DATA BELOW
+ + + +
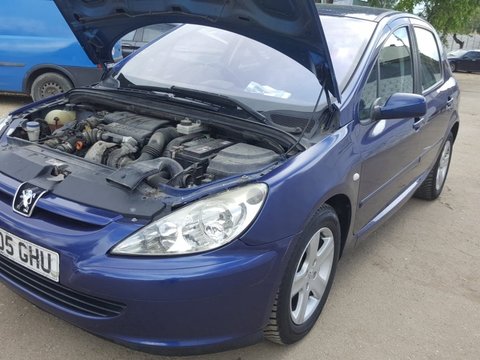 Dezmembrez Peugeot 307 2005 hatchback 1.6HDi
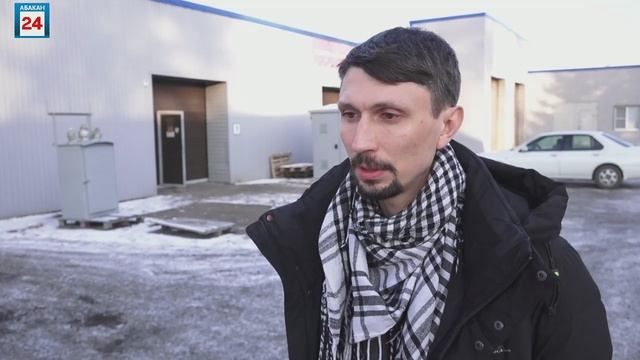 Сотрудники абаканского рынка привезли 12 коробок на гуманитарный склад.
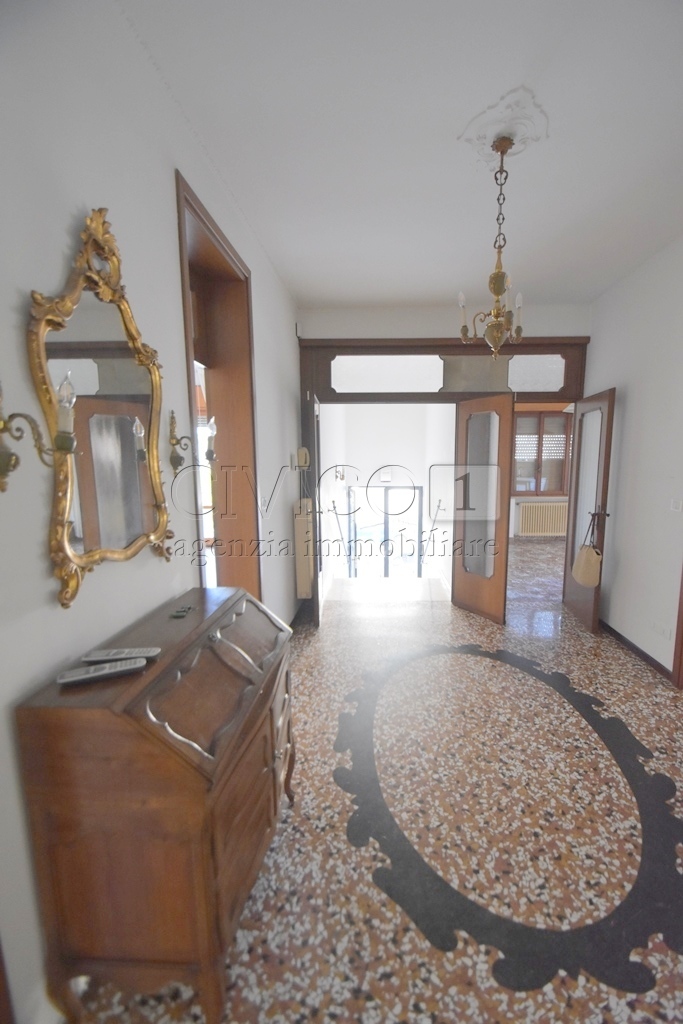 Immagine 14 di Casa bifamiliare in affitto  in ViaLE DELLA PACE 100 a Vicenza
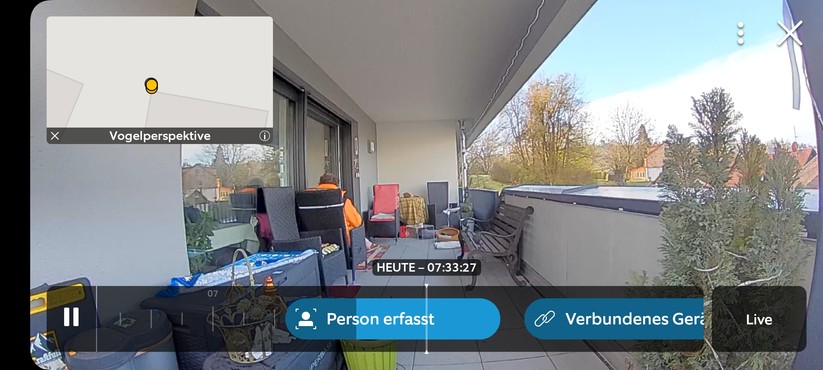 Ring Stick Up Cam Pro Akku: Die Aufnahmen bieten viele Details. Nachts bietet die Kamera eine farbige Nachtsicht ganz ohne Zusatz-LED. Allerdings gehen einige Details verloren und etwas grünstichig ist das Bild ebenfalls.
+ + + +
AIM OF THE TASK
Nothing but the lines from the one that contains "Immagine 14 di" through the last line of the material should be written out, exactly. Omit pictures.

WRITTEN RESPONSE
 Immagine 14 di Casa bifamiliare in affitto  in ViaLE DELLA PACE 100 a Vicenza
 Ring Stick Up Cam Pro Akku: Die Aufnahmen bieten viele Details. Nachts bietet die Kamera eine farbige Nachtsicht ganz ohne Zusatz-LED. Allerdings gehen einige Details verloren und etwas grünstichig ist das Bild ebenfalls.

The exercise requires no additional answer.